Каким-то особым чутьем, свойственным, в том числе и тем, кто сделал трудную карьеру, Неврюков еще с крыльца понял, что в заведении что-то неладно. Он прошел по коридору (вокруг никого не было) вошел в зал и увидел там лишь двоих людей. Оба были близкие знакомые Глеба Игоревича, но даже в кошмарном сне он не представлял, что увидит их в таком положении.

У стола в луже крови лежал Стаценко. А над ним возвышался Михин с пистолетом в руке.

«Как я мог сомневаться, дурак? — пронеслось в голове у Неврюкова. — Но как Денис смог вычислить эту сволочь?! Вот кто погубил Даутова. Лишь бы он не догадался, что у меня во внутреннем кармане пиджака».

В принципе, догадаться, что у Глеба Игоревича во внутреннем кармане пиджака, было не трудно. Исполнительный директор не заметил, как сунул туда руку. Но Михин, только что первый раз в жизни убивший человека, смотрел на своего старого партнера, хлопая глазами как филин, вытащенный мальчишками из-под кучи хвороста. Поэтому оба держателя акций просто стояли друг напротив друга, обмениваясь взглядами.

У Михина мелькнула мысль, что надо бы крикнуть Неврюкову: «Стаценко сам напал на меня!», чтобы заручиться свидетелем, когда приедет милиция. Но тут выпитое виски опять ударило ему в голову, и Витек решил припугнуть Неврюкова: «Буду перед ним унижаться! Он же сам хочет овладеть “Транскроссом”. Поставлю-ка его, козла, сразу на место».
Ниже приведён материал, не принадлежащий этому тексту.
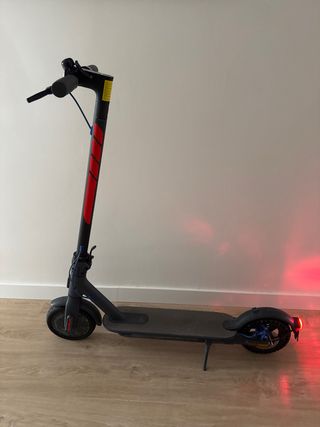 Patinete Eléctrico Xiaomi Mi Scooter 3 y casco luz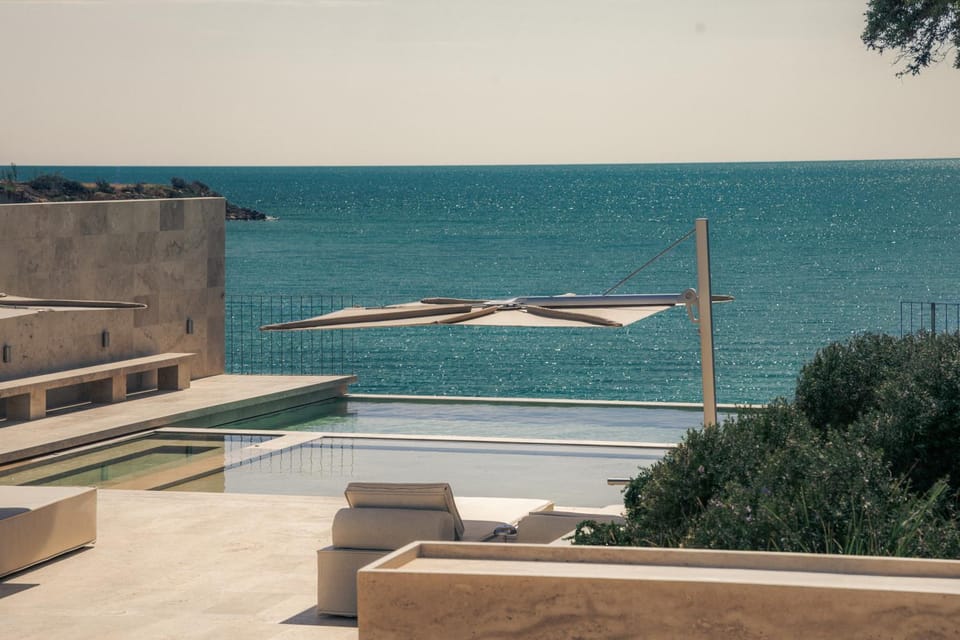 Pool view, Sea view, Swimming pool, sunbed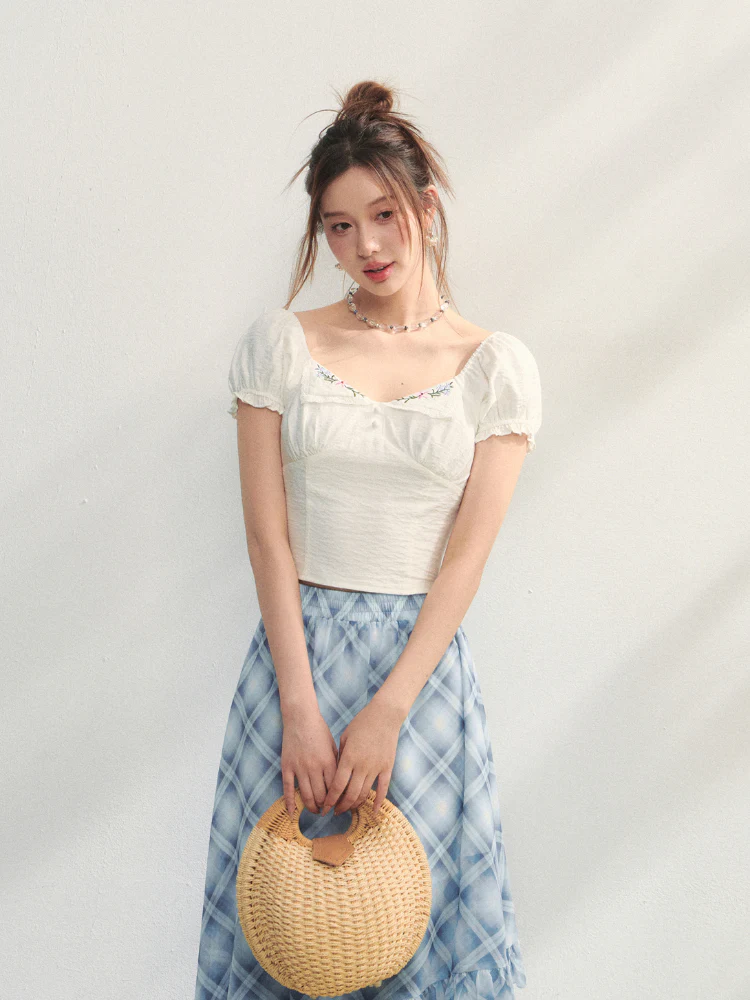 White Square Neck Embroidered Puff Sleeve Shirt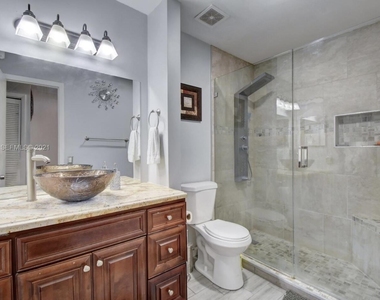 9270 Nw 40th Street - Photo Thumbnail 15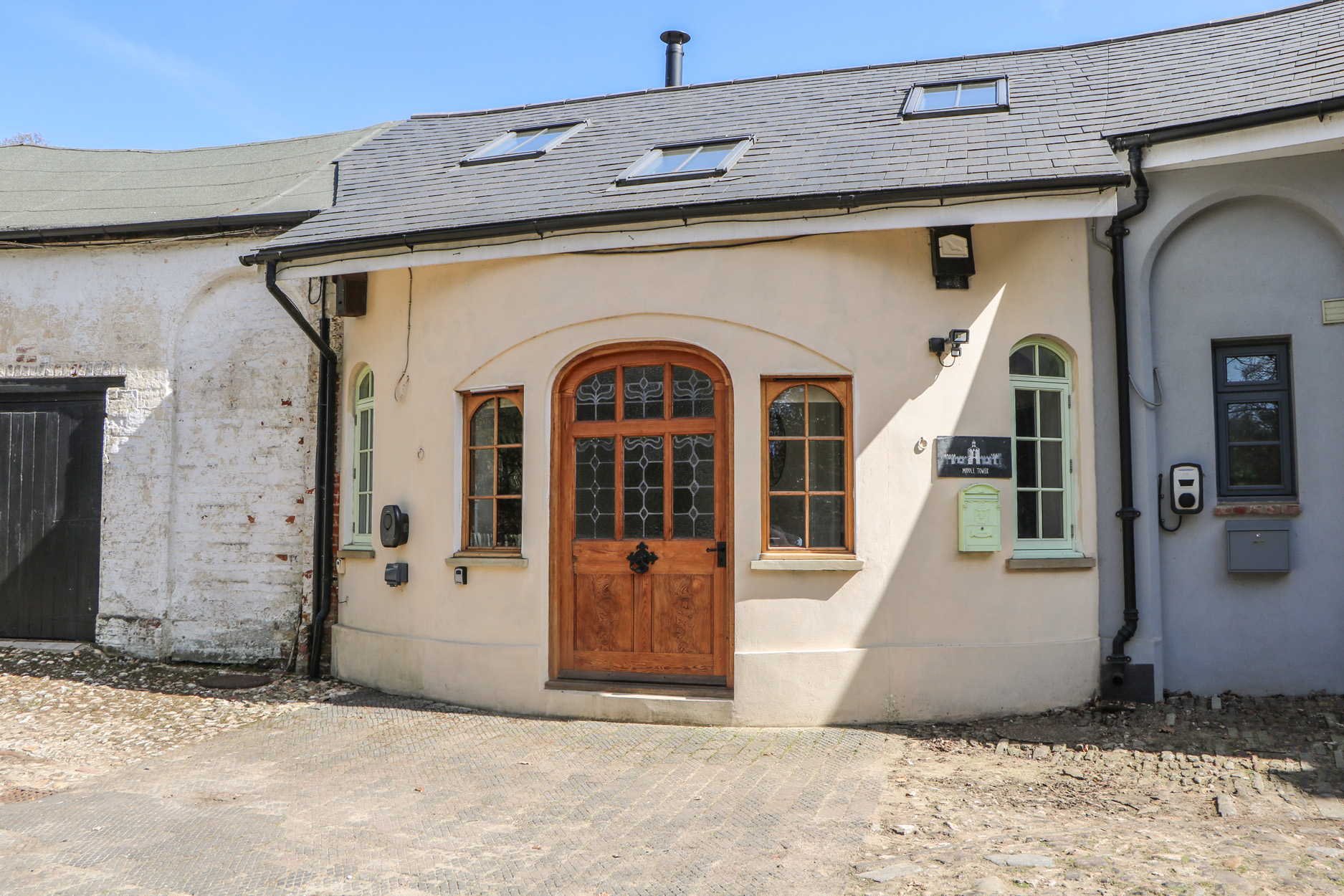 Holiday cottage, Reigate (Middle Tower)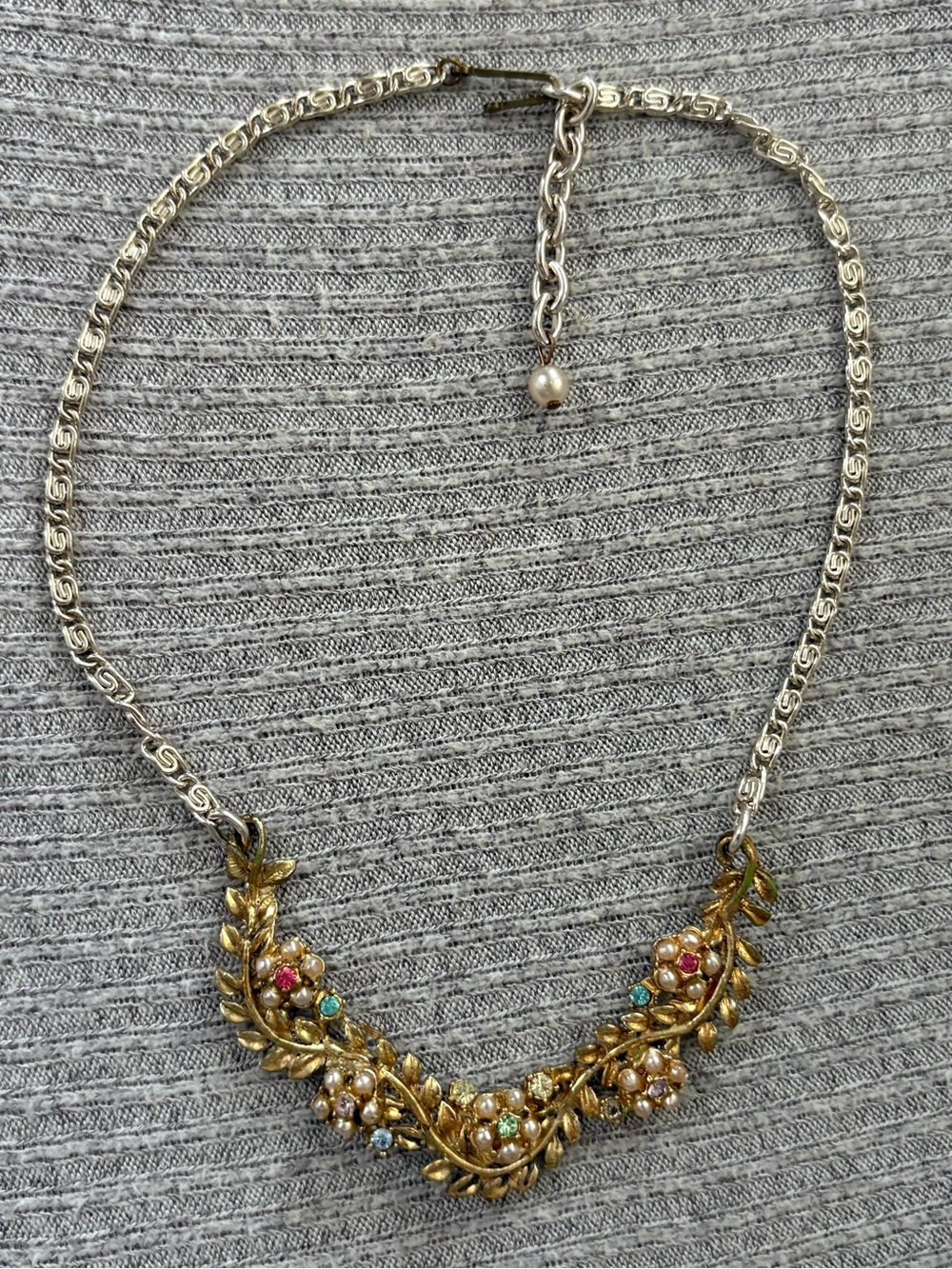 Vintage silver tone & gold tone floral & leaf adjustable necklace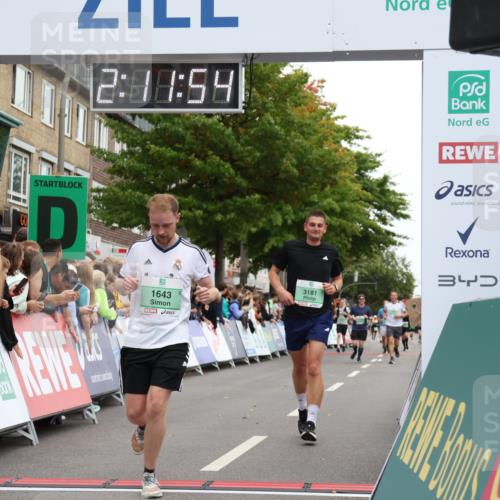 21.09.2025 - PSD Bank Halbmarathon Strokosch-Dieckow http://msf.ph/oto/8929781 21.09.2025 12:11:17 Ziel 1643, 2613, 3181 meine-sportfotos.de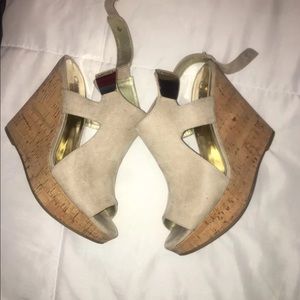 Carlos Santana Suede Wedges 8.5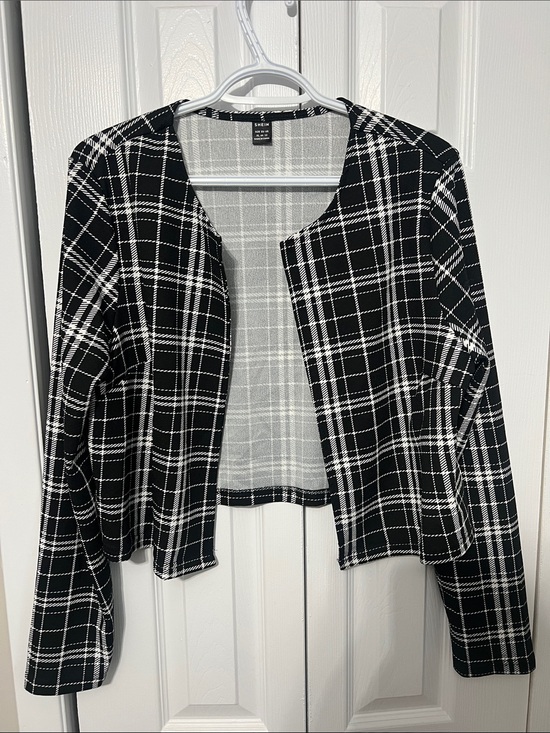 SHEIN Sweaters - SHEIN Black & White Plaid Open Cardigan. XL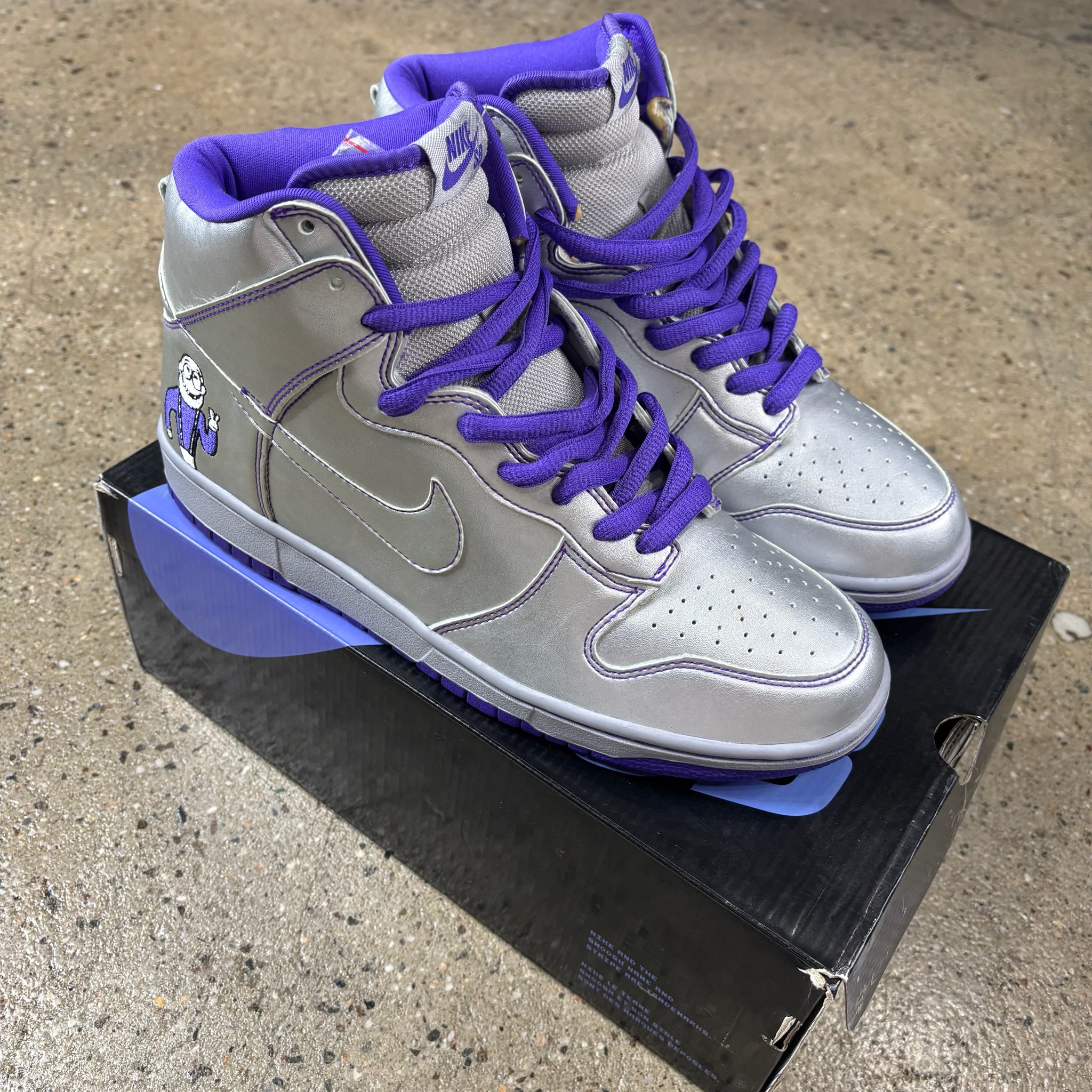 Nike SB Dino Jr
— Как же вы так, Виталий Самуилович? — наконец произнес Неврюков.

— А крысятничать по-крупному тоже нехорошо. Кто хотел все себе загрести?! — крикнул Витек.

Последние слова окончательно вывели Неврюкова из транса. Он наконец-то вынул руку из кармана, и Виталий Самуилович увидел, какой сюрприз подготовил компаньон.

Пока Неврюков снимал пистолет с предохранителя, любой милиционер, даже первого года службы, успел бы пальнуть два-три раза. Но Виталий Самуилович продолжал переводить глаза с трупа Стаценко на Глеба Игоревича, казалось, забыв, что у него зажато в руке. Наконец, он несмело поднял пистолет. В этот момент Неврюков открыл огонь.

Первая пуля толкнула Михина в плечо, и он отступил назад. Еще одна пуля вошла в корпус посередине, и туда бы войти и третьей, но тело Михина начало складываться и третья пуля застряла в темени. Неврюков подскочил к упавшему партнеру и в ожесточении, граничившим с истерикой, вогнал тому в голову еще две пули. Благодаря этому, Глеб Игоревич увидел первый раз в жизни свежие человеческие мозги. Эта картина привела его в чувство, и он встал рядом со своей жертвой, тупо глядя на нее.

Так картина в ресторане изменилась всего на один труп. Как и три минуты назад, над только что убитым стоял человек с пистолетом, глядевший на знакомых-покойников с таким чувством, будто они сейчас встанут на ноги и начнут его ругать.